Esculentin

Esculentin-1a contains two distinct helical regions. The N-terminal helix penetrates the outer membrane of Gram-negative bacteria, while the C-terminal helix disrupts the inner membrane. This two-stage disruption is particularly effective against P. aeruginosa, which has highly resistant outer membrane lipopolysaccharide. The dual-helix mechanism also enables biofilm penetration and killing of biofilm-embedded bacteria.

A truncated fragment of esculentin-2CHa, [Leu14]-esculentin-2CHa(1-30), was found to activate GLP-1 receptors and stimulate glucose-dependent insulin secretion. This discovery highlights how frog skin AMP scaffolds can be repurposed as metabolic therapeutic leads. The GLP-1R agonist fragments show no antimicrobial activity, indicating complete structural separation of these two pharmacological activities.

Esculentin-1a(1-21)NH2, a truncated amidated fragment, kills planktonic and biofilm-forming P. aeruginosa strains from CF patients at MIC values of 1-4 uM. Activity is maintained against mucoid variants that are notoriously resistant to conventional antibiotics. Lipid nanoparticle formulations of this fragment have been developed to enable pulmonary delivery and are in preclinical development for CF lung infections.

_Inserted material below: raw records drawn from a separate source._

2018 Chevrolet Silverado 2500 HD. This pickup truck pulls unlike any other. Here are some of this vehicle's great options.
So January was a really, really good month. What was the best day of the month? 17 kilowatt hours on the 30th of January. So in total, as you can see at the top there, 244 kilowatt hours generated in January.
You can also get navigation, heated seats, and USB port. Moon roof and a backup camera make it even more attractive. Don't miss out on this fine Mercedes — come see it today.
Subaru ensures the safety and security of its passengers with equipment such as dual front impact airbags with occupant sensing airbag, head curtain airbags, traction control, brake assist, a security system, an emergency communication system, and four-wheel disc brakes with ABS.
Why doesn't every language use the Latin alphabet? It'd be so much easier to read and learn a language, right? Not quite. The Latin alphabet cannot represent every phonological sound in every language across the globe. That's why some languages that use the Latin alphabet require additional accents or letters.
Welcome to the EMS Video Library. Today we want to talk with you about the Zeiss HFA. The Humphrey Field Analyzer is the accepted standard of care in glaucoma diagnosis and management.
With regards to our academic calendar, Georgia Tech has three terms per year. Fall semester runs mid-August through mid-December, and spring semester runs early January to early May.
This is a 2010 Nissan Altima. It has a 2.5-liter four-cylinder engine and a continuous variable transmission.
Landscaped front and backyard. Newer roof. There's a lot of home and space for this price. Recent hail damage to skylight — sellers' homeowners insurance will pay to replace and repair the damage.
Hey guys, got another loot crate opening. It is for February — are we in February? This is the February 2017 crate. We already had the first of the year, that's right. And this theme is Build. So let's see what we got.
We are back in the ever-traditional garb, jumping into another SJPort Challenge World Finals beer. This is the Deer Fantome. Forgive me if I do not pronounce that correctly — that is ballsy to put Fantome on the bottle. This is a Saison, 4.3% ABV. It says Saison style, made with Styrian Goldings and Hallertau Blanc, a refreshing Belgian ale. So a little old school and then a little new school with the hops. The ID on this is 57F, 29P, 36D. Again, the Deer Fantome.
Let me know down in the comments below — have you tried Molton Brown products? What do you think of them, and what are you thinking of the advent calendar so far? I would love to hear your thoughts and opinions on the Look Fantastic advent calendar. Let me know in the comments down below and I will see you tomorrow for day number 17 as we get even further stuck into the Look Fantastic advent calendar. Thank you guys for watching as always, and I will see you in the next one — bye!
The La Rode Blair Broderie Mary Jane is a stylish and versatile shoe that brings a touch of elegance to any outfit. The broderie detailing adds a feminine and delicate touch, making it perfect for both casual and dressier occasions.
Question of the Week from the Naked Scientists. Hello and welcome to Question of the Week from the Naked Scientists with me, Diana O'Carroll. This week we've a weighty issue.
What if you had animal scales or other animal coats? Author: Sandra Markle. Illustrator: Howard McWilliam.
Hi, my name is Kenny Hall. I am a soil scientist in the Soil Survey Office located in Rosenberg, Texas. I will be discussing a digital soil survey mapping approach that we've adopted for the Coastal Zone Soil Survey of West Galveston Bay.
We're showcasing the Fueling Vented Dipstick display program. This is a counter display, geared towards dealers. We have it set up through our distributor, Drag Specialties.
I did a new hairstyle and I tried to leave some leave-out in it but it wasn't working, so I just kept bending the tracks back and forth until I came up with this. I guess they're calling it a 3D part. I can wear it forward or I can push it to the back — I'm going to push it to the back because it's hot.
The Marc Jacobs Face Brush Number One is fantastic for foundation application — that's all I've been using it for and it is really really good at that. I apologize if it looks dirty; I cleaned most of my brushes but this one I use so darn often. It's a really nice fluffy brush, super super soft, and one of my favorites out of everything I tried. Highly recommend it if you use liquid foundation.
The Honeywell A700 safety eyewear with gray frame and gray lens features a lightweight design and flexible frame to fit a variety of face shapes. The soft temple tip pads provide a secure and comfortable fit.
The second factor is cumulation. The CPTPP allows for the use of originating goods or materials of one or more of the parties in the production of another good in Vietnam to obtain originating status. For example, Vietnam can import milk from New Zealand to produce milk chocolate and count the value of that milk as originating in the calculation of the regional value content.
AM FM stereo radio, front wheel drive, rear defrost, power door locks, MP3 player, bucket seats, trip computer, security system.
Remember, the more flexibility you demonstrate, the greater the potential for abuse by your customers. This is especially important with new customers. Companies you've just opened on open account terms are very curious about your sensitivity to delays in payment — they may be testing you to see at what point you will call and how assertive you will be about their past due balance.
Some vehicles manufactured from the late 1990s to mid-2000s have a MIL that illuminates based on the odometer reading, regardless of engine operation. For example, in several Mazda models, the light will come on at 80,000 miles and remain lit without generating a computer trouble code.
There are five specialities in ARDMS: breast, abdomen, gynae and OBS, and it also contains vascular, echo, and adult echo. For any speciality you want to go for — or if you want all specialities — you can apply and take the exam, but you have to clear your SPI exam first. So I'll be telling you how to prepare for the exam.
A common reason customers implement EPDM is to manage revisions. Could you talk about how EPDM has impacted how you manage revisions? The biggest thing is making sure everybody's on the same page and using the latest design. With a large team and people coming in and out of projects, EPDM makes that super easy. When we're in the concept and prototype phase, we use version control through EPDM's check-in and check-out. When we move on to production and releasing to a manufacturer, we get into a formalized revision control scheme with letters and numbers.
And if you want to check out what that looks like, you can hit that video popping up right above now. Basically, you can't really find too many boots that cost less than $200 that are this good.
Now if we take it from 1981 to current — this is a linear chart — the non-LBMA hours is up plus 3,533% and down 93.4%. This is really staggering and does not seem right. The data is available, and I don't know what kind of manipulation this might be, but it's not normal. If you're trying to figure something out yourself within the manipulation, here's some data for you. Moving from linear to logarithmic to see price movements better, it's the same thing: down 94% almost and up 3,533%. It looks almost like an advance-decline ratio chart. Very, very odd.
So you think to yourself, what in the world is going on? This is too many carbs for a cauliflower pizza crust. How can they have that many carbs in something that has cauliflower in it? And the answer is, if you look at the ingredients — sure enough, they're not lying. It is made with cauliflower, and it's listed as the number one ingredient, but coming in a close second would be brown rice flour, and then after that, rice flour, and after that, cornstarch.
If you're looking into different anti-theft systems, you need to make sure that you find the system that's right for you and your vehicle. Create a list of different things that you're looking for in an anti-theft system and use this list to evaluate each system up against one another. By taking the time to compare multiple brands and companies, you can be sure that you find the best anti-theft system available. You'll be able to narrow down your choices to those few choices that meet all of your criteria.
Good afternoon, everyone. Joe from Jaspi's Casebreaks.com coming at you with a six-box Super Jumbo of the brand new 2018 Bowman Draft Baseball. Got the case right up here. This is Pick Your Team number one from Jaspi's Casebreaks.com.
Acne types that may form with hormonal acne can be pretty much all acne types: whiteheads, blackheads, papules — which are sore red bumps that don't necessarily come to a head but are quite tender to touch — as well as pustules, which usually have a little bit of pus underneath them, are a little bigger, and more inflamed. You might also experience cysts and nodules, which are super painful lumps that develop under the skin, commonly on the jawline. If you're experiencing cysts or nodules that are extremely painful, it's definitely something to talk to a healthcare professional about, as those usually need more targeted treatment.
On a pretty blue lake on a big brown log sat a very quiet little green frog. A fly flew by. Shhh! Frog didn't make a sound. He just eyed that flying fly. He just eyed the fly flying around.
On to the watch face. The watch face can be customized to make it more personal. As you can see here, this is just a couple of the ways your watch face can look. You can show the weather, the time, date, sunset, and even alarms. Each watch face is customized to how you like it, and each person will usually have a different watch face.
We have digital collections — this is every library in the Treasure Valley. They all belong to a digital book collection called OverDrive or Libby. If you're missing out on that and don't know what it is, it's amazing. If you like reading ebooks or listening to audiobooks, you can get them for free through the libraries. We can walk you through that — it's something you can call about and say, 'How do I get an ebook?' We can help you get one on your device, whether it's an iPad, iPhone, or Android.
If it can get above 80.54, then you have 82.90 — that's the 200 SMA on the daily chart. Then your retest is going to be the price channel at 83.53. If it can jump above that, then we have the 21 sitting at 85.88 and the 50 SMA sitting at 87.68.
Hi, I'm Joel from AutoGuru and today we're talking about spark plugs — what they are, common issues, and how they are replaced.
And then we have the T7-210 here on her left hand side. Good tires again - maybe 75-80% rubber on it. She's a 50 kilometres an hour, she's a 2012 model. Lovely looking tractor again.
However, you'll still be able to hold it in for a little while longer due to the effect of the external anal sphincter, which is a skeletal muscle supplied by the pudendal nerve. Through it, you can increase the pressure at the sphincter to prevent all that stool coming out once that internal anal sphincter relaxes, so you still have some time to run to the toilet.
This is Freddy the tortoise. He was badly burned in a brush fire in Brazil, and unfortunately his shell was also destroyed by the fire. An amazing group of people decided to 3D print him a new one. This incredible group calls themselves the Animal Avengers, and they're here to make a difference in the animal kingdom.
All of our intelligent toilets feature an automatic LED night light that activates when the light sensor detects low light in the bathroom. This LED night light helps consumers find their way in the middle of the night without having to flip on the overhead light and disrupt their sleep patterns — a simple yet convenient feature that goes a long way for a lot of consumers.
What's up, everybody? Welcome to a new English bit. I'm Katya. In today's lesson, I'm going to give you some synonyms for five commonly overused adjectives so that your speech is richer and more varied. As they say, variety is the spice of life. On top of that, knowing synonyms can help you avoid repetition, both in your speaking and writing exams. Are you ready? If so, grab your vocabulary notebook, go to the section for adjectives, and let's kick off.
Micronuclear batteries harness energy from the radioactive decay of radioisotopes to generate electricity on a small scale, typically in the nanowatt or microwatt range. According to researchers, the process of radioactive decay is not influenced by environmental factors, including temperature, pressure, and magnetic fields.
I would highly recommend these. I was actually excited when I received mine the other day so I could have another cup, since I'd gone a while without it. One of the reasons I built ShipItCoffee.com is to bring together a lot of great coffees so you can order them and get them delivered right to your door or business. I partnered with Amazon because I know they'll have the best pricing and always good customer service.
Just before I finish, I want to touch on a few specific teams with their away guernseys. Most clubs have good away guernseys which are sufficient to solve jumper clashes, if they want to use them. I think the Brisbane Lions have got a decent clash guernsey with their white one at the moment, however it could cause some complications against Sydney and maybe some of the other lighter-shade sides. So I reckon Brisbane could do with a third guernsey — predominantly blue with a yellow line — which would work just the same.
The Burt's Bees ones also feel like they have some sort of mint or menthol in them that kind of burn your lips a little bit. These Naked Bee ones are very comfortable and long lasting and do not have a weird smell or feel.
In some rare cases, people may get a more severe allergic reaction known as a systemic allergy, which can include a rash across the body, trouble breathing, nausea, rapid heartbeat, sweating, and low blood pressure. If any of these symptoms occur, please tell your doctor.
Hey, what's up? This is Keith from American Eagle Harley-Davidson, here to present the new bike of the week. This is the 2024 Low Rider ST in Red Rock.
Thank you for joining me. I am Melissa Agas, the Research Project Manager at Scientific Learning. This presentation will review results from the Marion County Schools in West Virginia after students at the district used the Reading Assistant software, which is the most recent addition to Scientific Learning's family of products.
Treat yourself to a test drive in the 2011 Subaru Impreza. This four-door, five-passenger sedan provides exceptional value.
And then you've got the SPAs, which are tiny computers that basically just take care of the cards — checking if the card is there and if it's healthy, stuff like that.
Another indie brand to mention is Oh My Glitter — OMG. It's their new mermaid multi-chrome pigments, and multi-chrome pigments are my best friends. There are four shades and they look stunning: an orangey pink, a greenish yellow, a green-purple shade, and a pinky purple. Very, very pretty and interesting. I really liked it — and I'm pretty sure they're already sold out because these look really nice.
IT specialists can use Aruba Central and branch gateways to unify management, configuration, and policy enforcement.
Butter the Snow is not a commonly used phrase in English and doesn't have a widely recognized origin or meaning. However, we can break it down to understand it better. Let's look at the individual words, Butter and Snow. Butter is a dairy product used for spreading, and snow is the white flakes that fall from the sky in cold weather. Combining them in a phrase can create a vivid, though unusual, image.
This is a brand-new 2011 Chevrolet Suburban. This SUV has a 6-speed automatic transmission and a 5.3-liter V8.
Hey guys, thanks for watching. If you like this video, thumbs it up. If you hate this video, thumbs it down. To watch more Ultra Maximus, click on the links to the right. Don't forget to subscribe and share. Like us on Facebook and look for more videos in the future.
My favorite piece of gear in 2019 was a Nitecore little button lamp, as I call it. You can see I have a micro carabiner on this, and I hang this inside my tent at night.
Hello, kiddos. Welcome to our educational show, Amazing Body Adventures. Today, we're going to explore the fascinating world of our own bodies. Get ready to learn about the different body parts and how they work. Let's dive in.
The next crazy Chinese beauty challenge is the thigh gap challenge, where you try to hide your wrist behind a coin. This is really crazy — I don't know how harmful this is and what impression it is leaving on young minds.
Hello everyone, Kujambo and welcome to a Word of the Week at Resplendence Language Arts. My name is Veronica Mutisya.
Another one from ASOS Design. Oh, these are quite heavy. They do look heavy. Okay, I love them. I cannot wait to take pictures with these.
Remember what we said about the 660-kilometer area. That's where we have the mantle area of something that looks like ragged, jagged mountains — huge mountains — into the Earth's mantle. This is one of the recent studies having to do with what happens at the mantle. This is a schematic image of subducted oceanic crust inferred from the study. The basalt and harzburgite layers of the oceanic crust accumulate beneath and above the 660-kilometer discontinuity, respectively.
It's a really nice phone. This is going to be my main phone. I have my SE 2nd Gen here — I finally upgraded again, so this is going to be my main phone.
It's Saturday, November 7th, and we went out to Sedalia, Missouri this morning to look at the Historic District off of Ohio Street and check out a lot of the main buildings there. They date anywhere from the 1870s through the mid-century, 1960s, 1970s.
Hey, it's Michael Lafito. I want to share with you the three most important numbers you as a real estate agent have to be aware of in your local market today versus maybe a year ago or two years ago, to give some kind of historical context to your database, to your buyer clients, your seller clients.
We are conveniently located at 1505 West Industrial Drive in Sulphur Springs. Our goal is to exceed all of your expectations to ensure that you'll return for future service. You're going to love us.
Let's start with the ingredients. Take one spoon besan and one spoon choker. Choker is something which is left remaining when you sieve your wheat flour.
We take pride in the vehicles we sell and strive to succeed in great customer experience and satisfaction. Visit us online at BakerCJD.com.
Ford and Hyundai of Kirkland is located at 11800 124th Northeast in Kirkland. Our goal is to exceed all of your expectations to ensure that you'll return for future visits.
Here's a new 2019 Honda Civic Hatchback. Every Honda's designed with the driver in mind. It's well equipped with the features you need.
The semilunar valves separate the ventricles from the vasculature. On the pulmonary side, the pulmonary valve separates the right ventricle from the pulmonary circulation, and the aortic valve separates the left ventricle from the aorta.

Esculentin-2CHa fragments activate GLP-1 receptors with potency comparable to GLP-1 itself in cell-based assays. In type 2 diabetic mouse models, these fragments improve glucose tolerance and stimulate insulin secretion. Their structural distinctness from peptide-based GLP-1RAs like semaglutide offers potential for novel scaffolds with different pharmacokinetic profiles.